Noch früher als gewöhnlich wird der Kampf um die Nominierung der Republikaner und Demokraten diesmal auch entschieden sein – noch nicht nach den Abstimmungen in Iowa und New Hampshire, wahrscheinlich jedoch nach dem „Super Tuesday“ am 7. März – und sicher eine Woche darauf, wenn in weiteren sechs Bundesstaaten die Vorwahlen sind.
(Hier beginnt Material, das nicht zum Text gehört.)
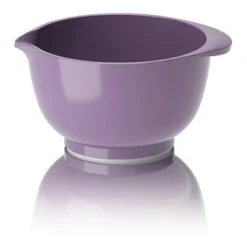 Rosti Margrethe Schüssel Durostima® 0,25L Lavender
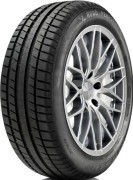 195/50 R16 88V Riken ROAD PERFORMANCE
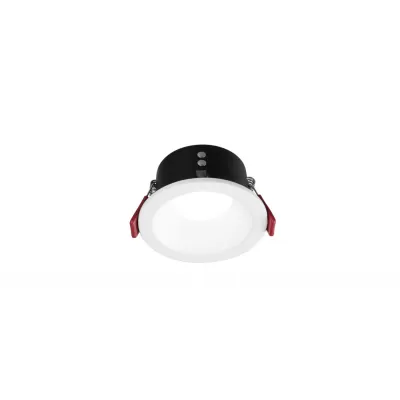 Точечный светильник IL.0029.0021-WH Imex Точечный светильник IL.0029.0021-WH Imex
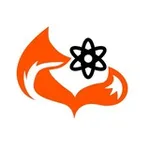 Аватар канала СМУС МИФИ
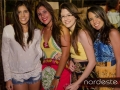Onze20 e Chimarruts - Pessoas 025-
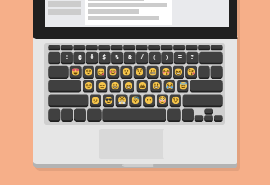 Cómo crear Calls To Action infalibles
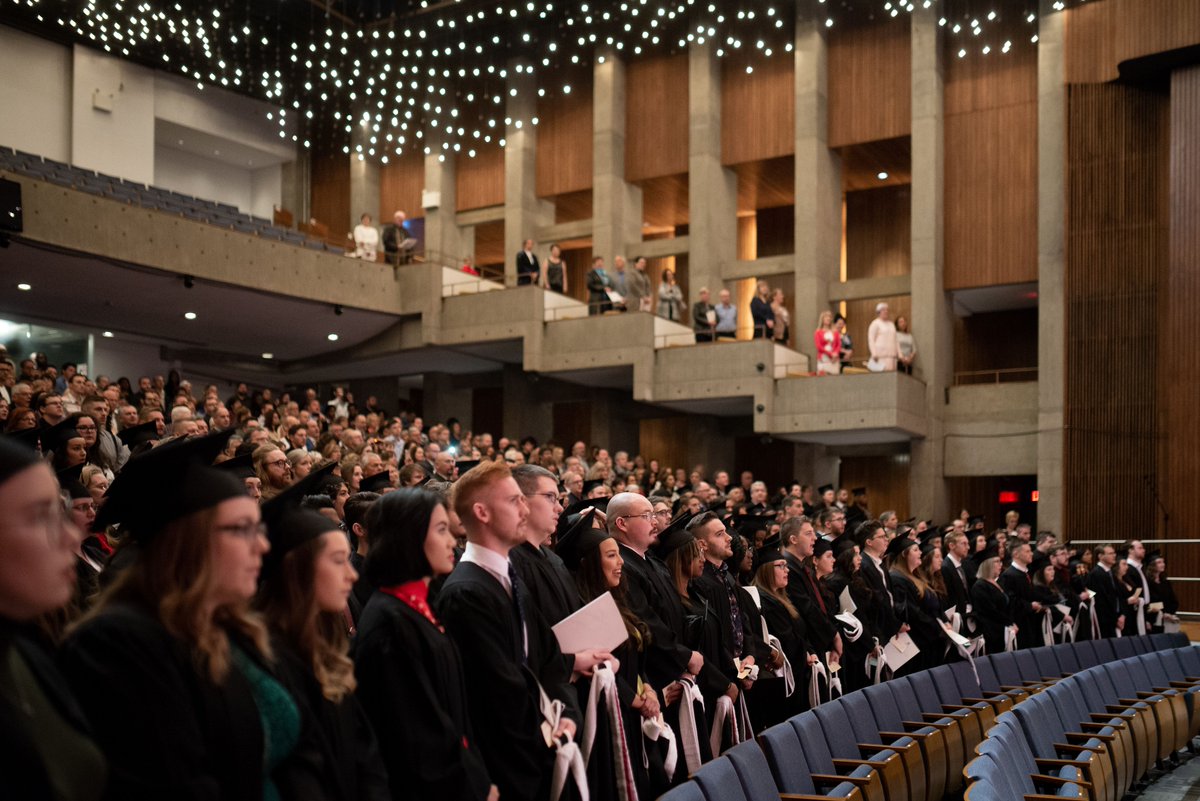 Looking for the fall convocation livestream? Find it on the Memorial University main page 10 minutes prior to each session: mun.ca #MUNgrad2023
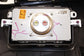 2020-2024 Mazda CX-30 2.5 S Dash Instrument Panel DGH9-60-350B-02 OEM - Alshned Auto Parts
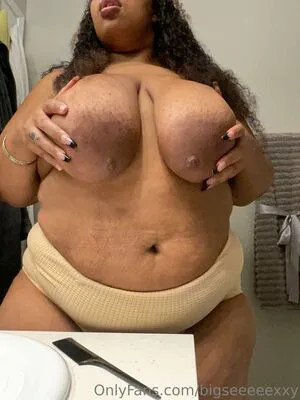 Bigseeeeexxy OnlyFans Leaked Free Thumbnail Picture - #fPW1Bpq9C5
Die Parteien selbst haben die Termine so dicht und so früh gelegt, Überraschungen sollen im Keim erstickt werden. George W. Bush hat 63 Millionen Dollar für einen beispiellosen TV-Blitzkrieg gesammelt, und Vizepräsident Al Gore hat vom Weißen Haus aus den Parteiapparat für seine Kandidatur eingespannt. Und doch sind ihnen überraschend starke Gegner erwachsen: Senator John McCain hat die politische Unbedarftheit Bushs attackiert und dessen Siegesgewissheit angekratzt und der ehemalige Senator Bill Bradley die Zweifel an Al Gores Distanz zu den Clintonschen Kabalen genährt.
Neue Gesichter werden ab Januar 2001 in der US-Hauptstadt das Sagen haben, selbst wenn der amtierende Vizepräsident Al Gore das Rennen macht. Clinton war erfolgreich, und man ist seiner Eskapaden und seiner Truppe überdrüssig. Die US-Wirtschaft boomt, was will man mehr? Politisch liegen alle vier Kandidaten im sicheren Mittelfeld, keiner ist ein Haudrauf wie Ronald Reagan oder Newt Gingrich. Kontrovers ist lediglich, wie der gewaltige Steuerüberschuss der kommenden Jahre verwendet werden soll: Gore plädiert für die Abzahlung des riesigen Schuldenbergs, der ein Erbe der Reagan-Jahre ist, Bradley eher für eine Krankenversicherung (endlich!) auch für jene mehr als 40 Millionen US-Bürger, die bislang keine haben. Beide wollen die Rentenkassen sanieren. Bush hingegen will die Steuern weiter senken. Sprich: Er ist für eine Fortsetzung der rauschenden Party, die die Vermögenden in den USA in den vergangenen Jahren gefeiert haben.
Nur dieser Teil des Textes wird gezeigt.